Bitcoin, being the world’s largest virtual currency in terms of market cap, is aiming to give the financial space a new look. Also, blockchain technology, which is digital, distributed, and decentralized, has been powering transactions without the existence of intermediaries. With these features, it is believed to be a game-changer for the financial industry in the near future. However, apart from its primary features, it is essential to have a light on the risks involved in them.
Potential Risks Involved In Using Cryptos
Yet, cryptos have been the evolved way to look at currencies; there are ever-growing risks and concerns. Here are some reasons which show that using and investing in cryptocurrencies might not be a smart step.
Unavailability of traditional fundamental metrics
Cryptocurrencies lack the existence of fundamental metrics, which is useful for assigning value to an asset. In a stock, investors can get info about balance sheets, income statements, earnings reports, and many other fundamental factors to analyze a stock. However, with cryptocurrencies, there are no fundamental metrics that can be used by investors. Apart from processing speed and average daily transactions, the investors virtually get nothing about the power of digital currencies needed to analyze cryptocurrencies.
The SEC shall be of no help
A December 2017 statement from SEC chairman notes that decentralized trading can occur outside the confines of the US borders.

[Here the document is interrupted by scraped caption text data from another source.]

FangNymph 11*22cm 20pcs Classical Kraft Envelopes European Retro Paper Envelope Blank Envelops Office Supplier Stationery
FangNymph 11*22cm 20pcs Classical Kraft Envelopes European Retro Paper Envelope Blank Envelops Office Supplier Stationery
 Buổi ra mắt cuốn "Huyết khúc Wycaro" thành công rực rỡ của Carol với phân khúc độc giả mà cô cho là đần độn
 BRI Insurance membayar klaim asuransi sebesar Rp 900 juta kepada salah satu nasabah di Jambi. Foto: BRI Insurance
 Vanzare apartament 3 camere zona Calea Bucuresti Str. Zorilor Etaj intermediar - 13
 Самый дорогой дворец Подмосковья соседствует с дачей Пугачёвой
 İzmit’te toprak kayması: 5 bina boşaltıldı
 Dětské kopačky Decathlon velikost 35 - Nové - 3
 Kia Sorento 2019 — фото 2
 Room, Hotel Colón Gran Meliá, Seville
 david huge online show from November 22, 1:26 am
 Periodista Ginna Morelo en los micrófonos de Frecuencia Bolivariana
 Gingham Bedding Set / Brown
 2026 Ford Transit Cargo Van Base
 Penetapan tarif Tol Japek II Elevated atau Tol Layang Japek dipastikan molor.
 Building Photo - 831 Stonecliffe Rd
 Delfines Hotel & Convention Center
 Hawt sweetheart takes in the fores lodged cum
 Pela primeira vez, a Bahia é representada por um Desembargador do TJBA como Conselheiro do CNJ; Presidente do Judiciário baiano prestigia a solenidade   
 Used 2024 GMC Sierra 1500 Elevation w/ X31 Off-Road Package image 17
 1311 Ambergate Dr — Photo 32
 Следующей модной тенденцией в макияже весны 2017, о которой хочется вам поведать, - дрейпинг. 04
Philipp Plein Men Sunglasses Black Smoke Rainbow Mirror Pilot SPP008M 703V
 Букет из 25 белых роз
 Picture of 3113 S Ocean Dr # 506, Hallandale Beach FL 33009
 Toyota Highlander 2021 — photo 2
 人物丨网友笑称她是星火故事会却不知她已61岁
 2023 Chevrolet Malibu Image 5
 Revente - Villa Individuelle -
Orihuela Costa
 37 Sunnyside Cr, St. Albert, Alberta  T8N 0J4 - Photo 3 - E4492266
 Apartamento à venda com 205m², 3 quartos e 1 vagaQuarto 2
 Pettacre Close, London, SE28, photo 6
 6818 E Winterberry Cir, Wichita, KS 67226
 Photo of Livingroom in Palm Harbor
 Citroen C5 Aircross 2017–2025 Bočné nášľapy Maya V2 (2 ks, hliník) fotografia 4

And, as the transactions are considered to be anonymous, recovering the invested coins may not be possible.
Though the cryptocurrencies have been in the market for quite a long time, the price fluctuation is still an issue. This could be due to the fact that people do not yet tend to trust these intangible funds. Moreover, even though a single entity doesn’t govern it, any major world news can the price of the cryptocurrency.
Lack of acceptance
While Bitcoin is welcomed in many countries, there are a few countries that still do not accept them due to its volatility and decentralized nature. Some nations have put a complete ban on it, and some have tried to cut off support from banking systems for its trading and use. Some countries that said ‘No’ to cryptocurrency are
Bitcoin is officially banned in China. All financial institutions are prohibited from transacting with Bitcoin. The crypto exchanges in China are put to ban as well.
Bitcoin is unregulated in Russia; however, its use as payments for goods and services is illegal.
Vietnam’s government and its state banks claim that Bitcoin is not a legitimate payment method.
Thefts and Scams
Though cryptocurrency is intangible, there are possibilities of thefts and scams through hacking. Hackers have sophisticated tools that infiltrate cryptocurrency wallets and trading platforms to intercept transactions and send money to their wallets. Some of the Bitcoin scams with examples include,
Fake Bitcoin exchanges: BitKRK from South Korea Ponzi schemes: Bernie Madoff Fake cryptocurrencies: My Big Coin
It is no doubt that cryptocurrencies have eased out the way of transactions. One can transfer coins to anyone, anywhere, and anytime anonymously of its decentralized nature. Having that said, the volatility, lack of acceptance, and thefts and scams can be viewed as a disadvantage and as a factor of risk.